MANAGEMENT COMMITTEE
- The
policy and management of the affairs of the Group will be the responsibility
of a management committee which will meet at least quarterly and will consist
of not less than six or more than ten members.
- Meetings
will be open to any member of the Group but only members of the committee may
vote.
- The
Convenor and other honorary officers will hold office until the conclusion of
the next AGM following their election. They will be eligible for re-election
with the proviso that no honorary officer may hold office for more than five
consecutive years. On the expiry of such period, two
further years must elapse before any former honorary officer may be re-elected
to their previous post.
7.
ANNUAL GENERAL MEETING
- An
AGM will be held in September of each year at such place as the management committee
determines. The Secretary will give at least 21 days clear notice of the meeting,
in writing, to each member.
- At
each AGM the business will include the consideration of the Annual Report on
the work of the group, the approval of audited accounts, the election of members
to serve on the management committee, the appointment of an auditor, motions
submitted by the membership, and the transaction of such other matters as may
from time to time be appropriate.
- The
Convenor of the management committee may at any time at their discretion call
an emergency general meeting of the Group.

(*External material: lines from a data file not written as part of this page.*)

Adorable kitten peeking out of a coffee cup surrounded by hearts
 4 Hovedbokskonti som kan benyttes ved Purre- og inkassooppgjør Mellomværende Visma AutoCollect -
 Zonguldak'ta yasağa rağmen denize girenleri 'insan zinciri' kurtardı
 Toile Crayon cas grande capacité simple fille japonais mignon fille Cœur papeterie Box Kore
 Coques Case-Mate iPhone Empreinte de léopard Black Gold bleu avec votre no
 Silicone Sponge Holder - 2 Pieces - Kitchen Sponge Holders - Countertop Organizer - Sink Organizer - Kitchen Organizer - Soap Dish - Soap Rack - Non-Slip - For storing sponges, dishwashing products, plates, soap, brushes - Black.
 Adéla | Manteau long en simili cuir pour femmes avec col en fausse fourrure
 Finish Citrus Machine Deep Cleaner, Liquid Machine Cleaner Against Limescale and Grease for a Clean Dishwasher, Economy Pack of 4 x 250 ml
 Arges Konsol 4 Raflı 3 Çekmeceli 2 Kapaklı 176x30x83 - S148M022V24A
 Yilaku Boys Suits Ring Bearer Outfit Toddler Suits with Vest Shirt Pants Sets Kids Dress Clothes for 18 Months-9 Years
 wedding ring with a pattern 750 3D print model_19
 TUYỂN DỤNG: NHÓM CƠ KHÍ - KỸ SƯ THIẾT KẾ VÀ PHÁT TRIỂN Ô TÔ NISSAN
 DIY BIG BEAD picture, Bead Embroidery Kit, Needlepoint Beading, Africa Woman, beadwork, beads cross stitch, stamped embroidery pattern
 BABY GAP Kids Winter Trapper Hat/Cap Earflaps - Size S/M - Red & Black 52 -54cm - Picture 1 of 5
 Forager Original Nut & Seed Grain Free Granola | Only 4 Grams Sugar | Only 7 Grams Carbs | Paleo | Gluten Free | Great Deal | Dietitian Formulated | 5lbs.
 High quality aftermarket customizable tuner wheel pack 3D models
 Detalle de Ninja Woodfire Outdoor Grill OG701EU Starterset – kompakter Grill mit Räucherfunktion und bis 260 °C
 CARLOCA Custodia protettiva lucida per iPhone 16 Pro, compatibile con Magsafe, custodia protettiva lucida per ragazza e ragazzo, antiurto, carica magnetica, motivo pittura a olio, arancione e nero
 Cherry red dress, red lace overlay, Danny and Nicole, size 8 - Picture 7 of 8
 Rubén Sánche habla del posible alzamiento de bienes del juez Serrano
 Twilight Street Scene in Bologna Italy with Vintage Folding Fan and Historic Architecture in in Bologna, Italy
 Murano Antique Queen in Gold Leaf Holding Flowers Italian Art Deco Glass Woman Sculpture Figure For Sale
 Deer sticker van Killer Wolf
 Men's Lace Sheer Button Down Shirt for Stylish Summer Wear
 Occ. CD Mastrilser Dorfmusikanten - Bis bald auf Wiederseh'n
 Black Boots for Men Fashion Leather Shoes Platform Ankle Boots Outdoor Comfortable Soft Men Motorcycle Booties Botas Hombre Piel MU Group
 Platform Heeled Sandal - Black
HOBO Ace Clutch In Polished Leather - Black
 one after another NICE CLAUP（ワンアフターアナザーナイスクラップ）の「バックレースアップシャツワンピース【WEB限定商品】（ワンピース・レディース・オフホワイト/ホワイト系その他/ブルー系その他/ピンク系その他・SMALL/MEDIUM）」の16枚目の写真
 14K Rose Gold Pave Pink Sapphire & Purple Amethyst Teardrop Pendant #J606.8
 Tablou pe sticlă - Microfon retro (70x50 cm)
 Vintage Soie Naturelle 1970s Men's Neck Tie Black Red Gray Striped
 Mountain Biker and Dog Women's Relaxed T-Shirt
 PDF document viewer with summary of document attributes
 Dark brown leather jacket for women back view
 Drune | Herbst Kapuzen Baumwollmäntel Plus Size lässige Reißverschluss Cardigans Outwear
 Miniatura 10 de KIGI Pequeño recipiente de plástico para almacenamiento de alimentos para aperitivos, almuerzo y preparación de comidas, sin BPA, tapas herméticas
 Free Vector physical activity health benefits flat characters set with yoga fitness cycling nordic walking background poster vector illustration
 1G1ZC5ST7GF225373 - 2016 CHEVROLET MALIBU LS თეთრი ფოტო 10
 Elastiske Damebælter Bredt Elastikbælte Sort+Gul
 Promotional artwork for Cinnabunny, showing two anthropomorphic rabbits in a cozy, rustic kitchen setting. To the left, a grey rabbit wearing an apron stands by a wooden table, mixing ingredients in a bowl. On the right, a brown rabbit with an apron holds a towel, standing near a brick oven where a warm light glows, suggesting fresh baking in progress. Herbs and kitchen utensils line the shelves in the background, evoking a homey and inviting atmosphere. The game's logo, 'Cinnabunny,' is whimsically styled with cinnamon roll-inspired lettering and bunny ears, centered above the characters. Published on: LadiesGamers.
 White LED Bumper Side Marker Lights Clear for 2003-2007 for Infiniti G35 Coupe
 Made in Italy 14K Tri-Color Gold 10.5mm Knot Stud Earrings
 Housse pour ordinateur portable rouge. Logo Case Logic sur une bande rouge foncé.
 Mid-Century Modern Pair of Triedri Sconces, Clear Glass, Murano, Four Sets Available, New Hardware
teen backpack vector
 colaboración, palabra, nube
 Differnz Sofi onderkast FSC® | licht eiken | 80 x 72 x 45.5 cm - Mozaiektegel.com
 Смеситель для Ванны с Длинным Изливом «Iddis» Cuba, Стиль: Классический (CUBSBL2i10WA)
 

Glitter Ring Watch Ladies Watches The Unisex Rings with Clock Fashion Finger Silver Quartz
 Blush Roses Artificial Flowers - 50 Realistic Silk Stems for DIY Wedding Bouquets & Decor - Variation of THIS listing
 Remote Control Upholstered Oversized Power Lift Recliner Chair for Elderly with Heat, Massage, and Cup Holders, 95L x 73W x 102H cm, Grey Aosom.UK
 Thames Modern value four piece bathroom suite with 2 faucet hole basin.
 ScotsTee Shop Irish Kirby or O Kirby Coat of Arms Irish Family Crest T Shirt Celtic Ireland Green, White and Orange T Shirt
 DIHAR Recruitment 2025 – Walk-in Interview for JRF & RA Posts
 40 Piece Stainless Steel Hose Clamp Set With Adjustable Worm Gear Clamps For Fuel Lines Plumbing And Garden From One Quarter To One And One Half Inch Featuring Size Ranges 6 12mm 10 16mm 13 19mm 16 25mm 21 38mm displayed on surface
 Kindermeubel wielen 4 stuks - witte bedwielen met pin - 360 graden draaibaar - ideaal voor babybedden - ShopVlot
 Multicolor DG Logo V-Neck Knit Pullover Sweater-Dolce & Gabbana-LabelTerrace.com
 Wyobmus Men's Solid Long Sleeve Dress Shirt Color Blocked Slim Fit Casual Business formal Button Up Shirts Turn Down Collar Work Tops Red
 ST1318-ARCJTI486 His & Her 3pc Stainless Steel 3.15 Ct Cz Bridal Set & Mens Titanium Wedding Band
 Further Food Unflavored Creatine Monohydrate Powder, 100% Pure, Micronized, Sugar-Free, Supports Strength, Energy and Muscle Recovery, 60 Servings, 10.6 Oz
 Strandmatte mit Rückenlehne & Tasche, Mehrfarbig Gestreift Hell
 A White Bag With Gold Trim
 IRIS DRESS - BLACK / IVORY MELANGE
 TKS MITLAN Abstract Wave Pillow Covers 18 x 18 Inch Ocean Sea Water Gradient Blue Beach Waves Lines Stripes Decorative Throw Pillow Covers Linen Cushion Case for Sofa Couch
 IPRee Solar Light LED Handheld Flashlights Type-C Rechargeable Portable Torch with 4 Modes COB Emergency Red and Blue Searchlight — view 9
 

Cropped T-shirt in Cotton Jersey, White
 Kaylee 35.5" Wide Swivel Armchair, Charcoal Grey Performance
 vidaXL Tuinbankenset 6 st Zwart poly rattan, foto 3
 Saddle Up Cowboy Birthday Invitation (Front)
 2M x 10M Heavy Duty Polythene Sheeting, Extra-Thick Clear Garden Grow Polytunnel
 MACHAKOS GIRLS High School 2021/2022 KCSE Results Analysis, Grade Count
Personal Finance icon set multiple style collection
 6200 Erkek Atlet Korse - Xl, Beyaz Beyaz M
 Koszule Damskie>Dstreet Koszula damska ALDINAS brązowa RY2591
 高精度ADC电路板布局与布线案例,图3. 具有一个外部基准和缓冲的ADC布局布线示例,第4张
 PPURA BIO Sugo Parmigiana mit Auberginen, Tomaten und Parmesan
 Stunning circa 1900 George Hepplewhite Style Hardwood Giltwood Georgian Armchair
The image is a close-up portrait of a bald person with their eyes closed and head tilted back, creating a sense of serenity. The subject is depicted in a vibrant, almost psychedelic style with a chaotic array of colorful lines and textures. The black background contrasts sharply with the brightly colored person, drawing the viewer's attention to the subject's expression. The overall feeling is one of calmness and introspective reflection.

The Secretary may also call an emergency
general meeting of the Group within 21 days of receiving a written request to
do so, signed by not less than 25% of members and giving reasons for the request.
- Nominations
for honorary officers or members of the management committee must be made by
members of the Group in writing and must be in the hands of the secretary at
least one day before the AGM. Members may not nominate themselves. Should nominations
exceed vacancies, election will be by ballot.
8.
RULES FOR PROCEDURE AT ALL MEETINGS
- Quorum.
The
quorum at all meetings will be one third of those eligible to be present, or
such other number as the Group may from time to time determine at an AGM.
- Voting.
As
far as possible, all decisions will be reached by consensus. Should a vote be
necessary, questions will be decided by a simple majority of the votes cast.
In the case of an equality of votes, the person taking the chair will have a
second, casting vote.
- Minutes.
The
management committee will ensure that minutes are kept of all meetings, containing
in each case a note of those present and a record of all proceedings, resolutions
and decisions.
9.
FINANCE
- All
funds raised by or on behalf of the group will be used to further the objects
of the Group and for no other purpose; this may include the reimbursement of
out of pocket expenses incurred by members of any committee.
- The
Treasurer will keep proper accounting records and will prepare proper accounts
annually and at such other times as the management committee may direct.
- The
accounts will be audited at least once a year.
- The
management committee will submit an audited statement of the accounts for the
last financial year to the AGM.
- A
bank account will be opened in the name of the Group with such banks or building
societies as the management committee may from time to time decide. The management
committee will authorise in writing three of their members (one of whom will
be the treasurer) to sign cheques on behalf of the Group. All cheques must be
signed by at least two of the authorised signatories.
10.
AMENDMENTS TO THE CONSTITUTION
- A
resolution to alter this constitution will not be valid unless at least 21 days
notice has been given to all members before the meeting at which the alteration
is to be proposed and unless two-thirds of the votes cast by those present are
in favour of the alteration.
11.
DISSOLUTION
If
the management committee decide by a simple majority at any time that it is necessary
or advisable to dissolve the Group, it will call a special general meeting, giving
at least 21 days notice and stating the terms of the resolution to be proposed
at the meeting. If the meeting votes by a two-thirds majority that the Group should
be dissolved, the management committee will sell any assets of the Group, settle
any debts and liabilities and transfer any remaining funds to such charitable organisation
as the meeting decides.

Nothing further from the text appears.